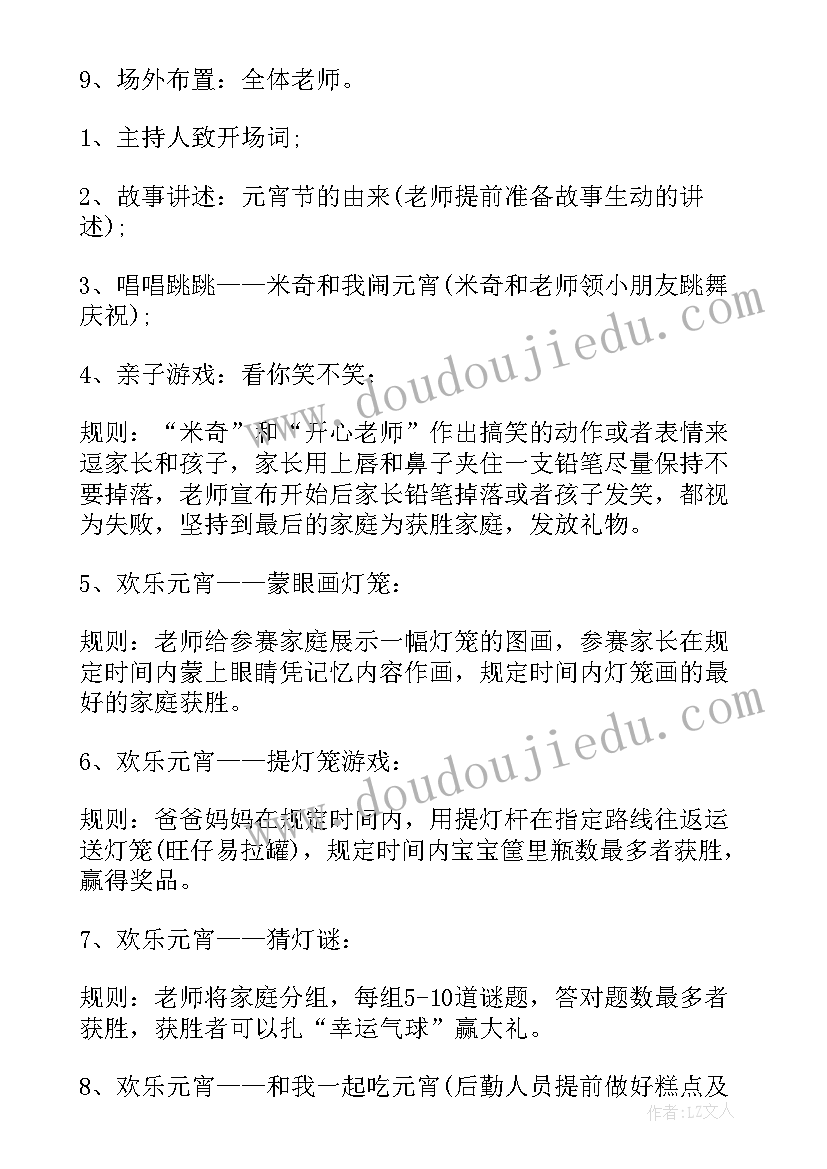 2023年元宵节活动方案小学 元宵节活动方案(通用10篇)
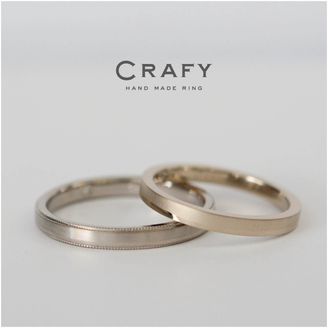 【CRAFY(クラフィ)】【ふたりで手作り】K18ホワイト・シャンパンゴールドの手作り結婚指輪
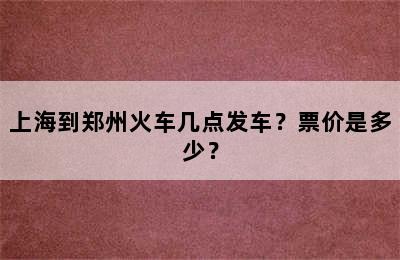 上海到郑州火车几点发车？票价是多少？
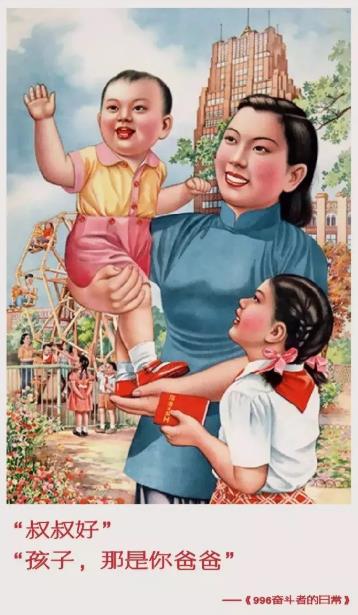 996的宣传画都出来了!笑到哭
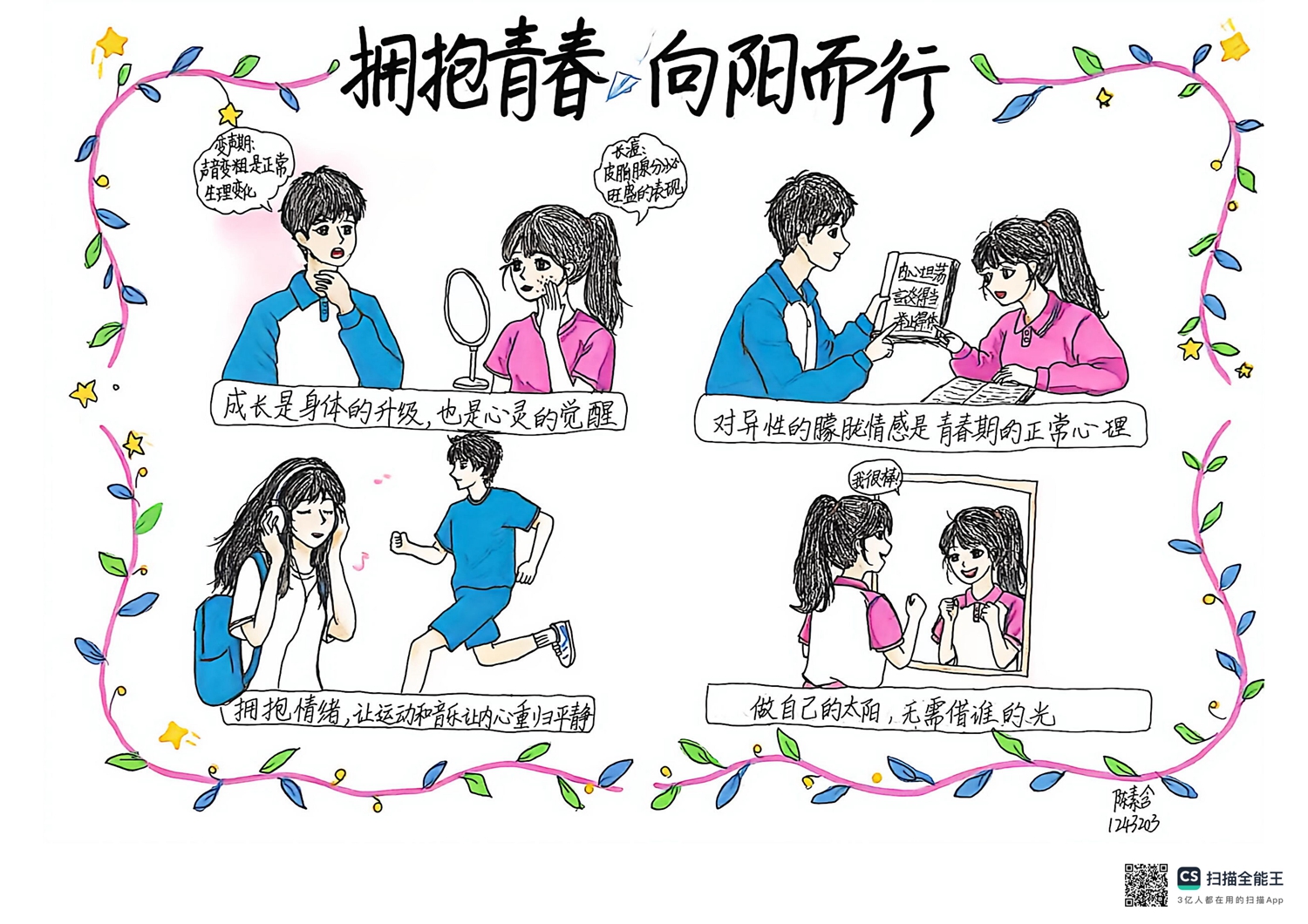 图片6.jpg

※

◆ Exercise description ◆
Give the entries back verbatim and omit the images.

◆ Written solution ◆
 2023年元宵节活动方案小学 元宵节活动方案(通用10篇)
 【CRAFY(クラフィ)】【ふたりで手作り】K18ホワイト・シャンパンゴールドの手作り結婚指輪
 上海到郑州火车几点发车？票价是多少？
 996的宣传画都出来了!笑到哭
 图片6.jpg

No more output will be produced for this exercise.